Problem we Włoszech. Kolejne miasto alarmuje
Po pandemii coraz częściej mówi się o nadmiernej turystyce, czyli zjawisku zwanym overtourism. Z tym problemem zmaga się także Siena, podobnie, jak wszystkie inne historyczne miasta sztuki oraz architektury we Włoszech. Głos zabrała burmistrz Nicoletta Fabio, podkreślając, że turyści są mile widziani.
Nadmierna turystyka staje się problemem w całej Europie. Choć jest dopiero początek czerwca, większość włoskich miast pełna jest turystów. Z tłumami zmaga się m.in. Siena, gdzie wśród odwiedzających wiele jest wycieczek z Polski. Burmistrz podkreśla, że priorytetem jest pogodzenie potrzeb mieszkańców zatłoczonego centrum z tymi, jakie mają turyści.
Siena kontra tłumy turystów
- Również Siena zmaga się z problemem, wynikającym z masowej turystyki. U nas dotyczy on historycznego centrum, wpisanego na listę światowego dziedzictwa UNESCO. A najsłynniejsze zabytki znajdują się na bardzo ograniczonym terenie, to nie jest duży obszar - mówi Nicoletta Fabio.

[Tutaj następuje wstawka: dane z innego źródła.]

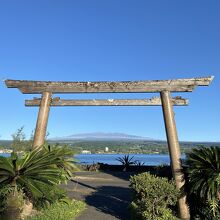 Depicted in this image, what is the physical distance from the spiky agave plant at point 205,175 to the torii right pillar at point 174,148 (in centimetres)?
33

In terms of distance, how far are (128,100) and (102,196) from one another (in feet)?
16.0

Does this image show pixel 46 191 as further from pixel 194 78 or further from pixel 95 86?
pixel 194 78

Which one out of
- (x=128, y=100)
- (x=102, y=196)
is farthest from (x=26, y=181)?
(x=102, y=196)

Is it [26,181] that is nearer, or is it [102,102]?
[26,181]

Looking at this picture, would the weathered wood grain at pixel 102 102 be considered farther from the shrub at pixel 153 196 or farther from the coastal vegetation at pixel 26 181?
the shrub at pixel 153 196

Burmistrz podkreśliła, że oczywiście turyści są mile widziani w mieście, "ale niekiedy ich tłumy wywołują wrażenie całkowitego przepełnienia w okolicach centralnego Piazza del Campo i na sąsiednich uliczkach".
Dalsza część artykułu pod materiałem wideo
Sztuka podróżowania - DS4
Pytana o to, jakie działania podejmują w związku z tym władze miasta burmistrz odpowiedziała, że celem nie jest to, by zredukować liczbę turystów, ale poprawić jakość turystyki. - Aby to zrobić, trzeba postawić przede wszystkim na kulturę, na piękno, jakie mieliśmy szczęście odziedziczyć po naszych przodkach i to w jak najlepszy możliwy sposób oferować zwiedzającym - wylicza Fabio.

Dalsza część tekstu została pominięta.